Tra le lettere firmate e spedite da Trump, per ora, non compare l’Ue: la resa dei conti è rinviata all’1 agosto. Nel mirino restano acciaio e alluminio (i dazi sono già al 50%), auto (già in vigore al 25%) e – soprattutto – agroalimentare (ma qui siamo ancora alle minacce). Il cuore dell’economia italiana. Bruxelles è divisa, le capitali litigano sulle contromisure, e Giorgia Meloni, con il solito mimetismo pavido, svanisce dal dibattito. Nessuna proposta, nessuna linea, nessuna voce. Le telefonate riservate del fine settimana – tra Meloni, Macron, Merz e von der Leyen – hanno prodotto solo una lista della spesa di buone intenzioni. Intanto i dazi rischiano di arrivare davvero.

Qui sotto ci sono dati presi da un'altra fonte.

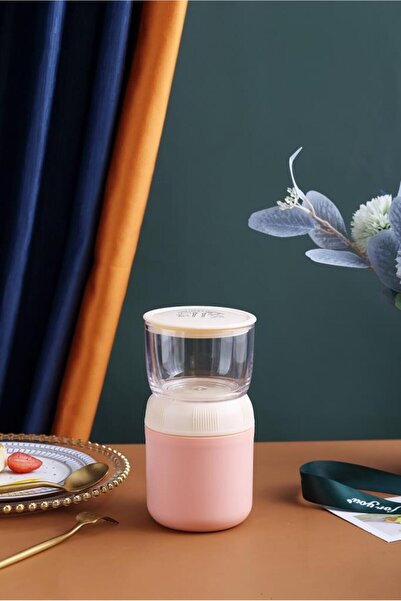 Vagonlife XC-557 700ml Pembe Çelik Saklama Kabı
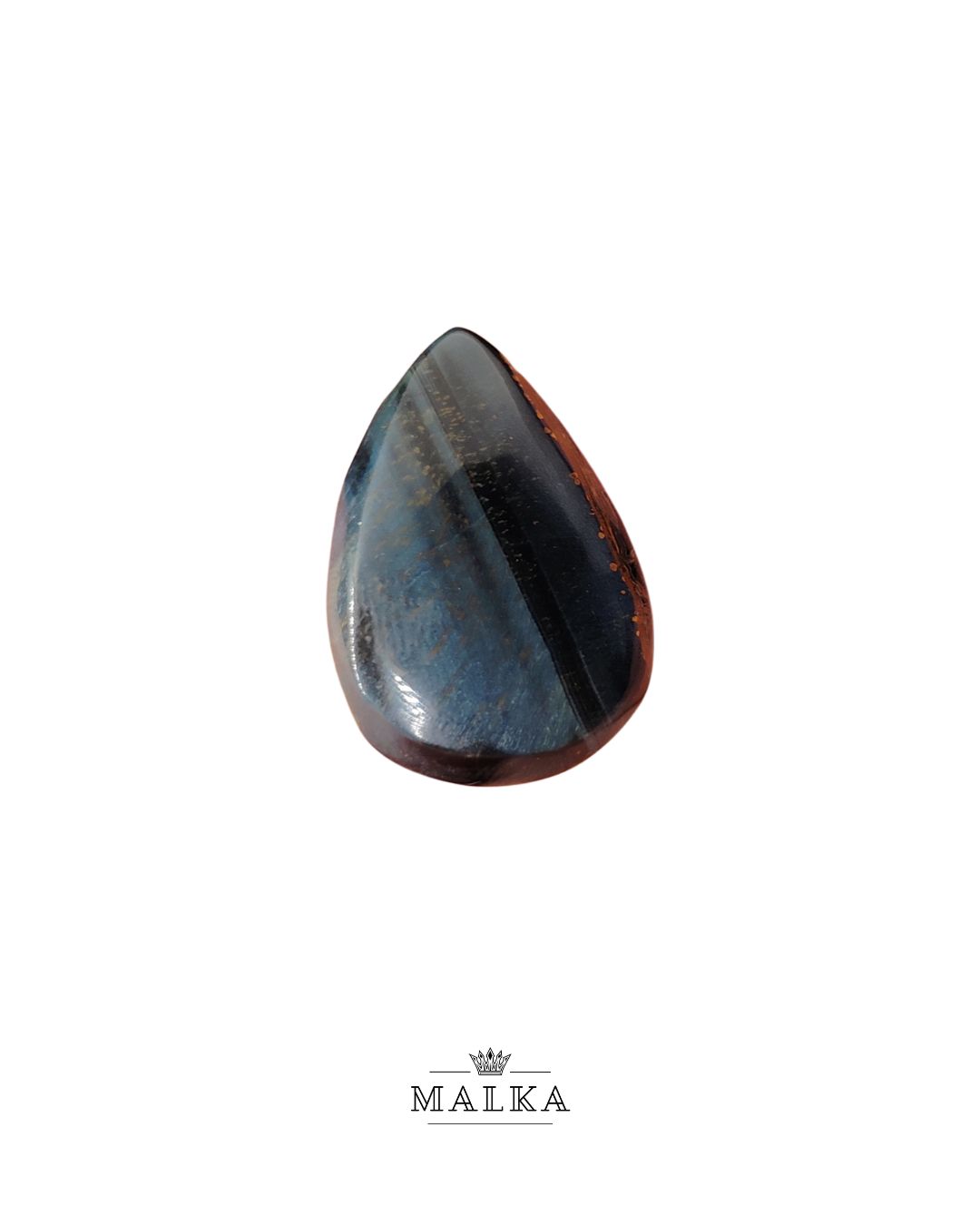 35mm Black Tiger Eye Cabochon – Drop Shape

E mentre gli agricoltori italiani guardano alle esportazioni che crollano e l’industria conta le perdite, l’Eurogruppo rilegittima Pascal Donohoe, il ministro irlandese delle Finanze che più di tutti ha offerto le chiavi fiscali dell’Europa alle multinazionali americane. Pfizer, Apple e Microsoft da sole garantiscono il 40% del gettito di Dublino, che in cambio consente alle corporation di aggirare la minimum tax globale, depotenziare la web tax e drogare i saldi commerciali a stelle e strisce. A perdere? L’Italia, che paga le tasse vere e subisce la concorrenza fiscale sleale di chi, come l’Irlanda, gioca a fare il cavallo di Troia della Casa Bianca.

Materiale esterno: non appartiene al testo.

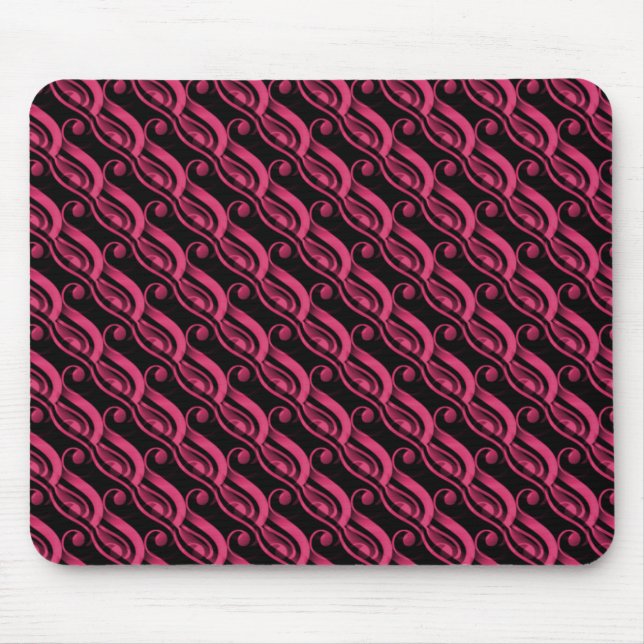 Alfombrilla De Ratón Mousepad con encanto, rosa e inoxidable (Frente)
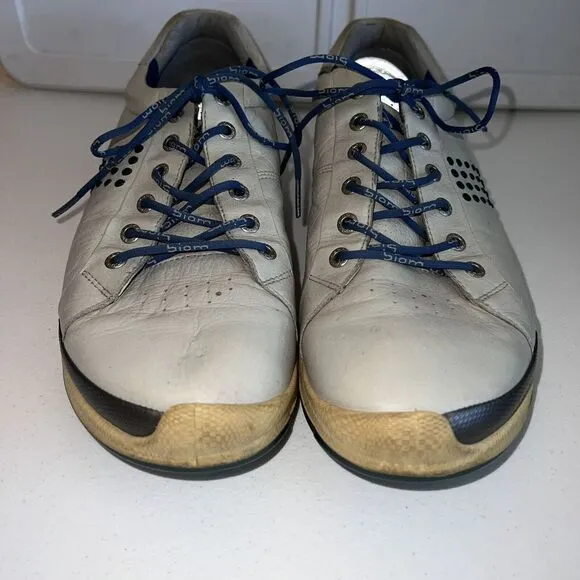 Ecco Biom Hybrid Spikeless Golf Shoes Mens EU 46 US 12 Gray Yak Leather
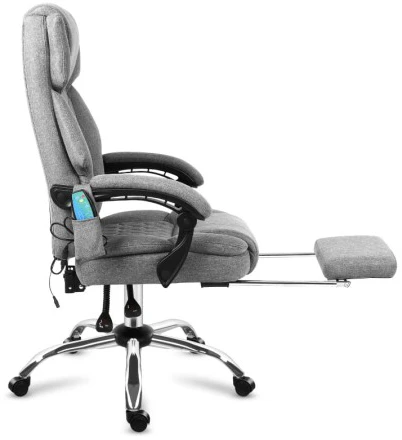 Biuro kėdė „Mark Adler Boss 6.0 Pilkas“, masažinė, pilka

Così, mentre Trump minaccia, Pechino si infila nella breccia e Dublino ingrassa le sue casse, l’Italia tace. Meloni osserva e incassa, come se questo non fosse anche il suo tempo e la sua responsabilità. Ma se i dazi colpiranno i settori strategici del nostro Paese, se l’export agricolo e farmaceutico italiano sarà sacrificato in nome del silenzio e delle convenienze, il conto politico non potrà essere demandato ai “tecnici” o alla burocrazia di Bruxelles. Sarà tutto, e solo, del suo governo. E non sarà più negoziabile.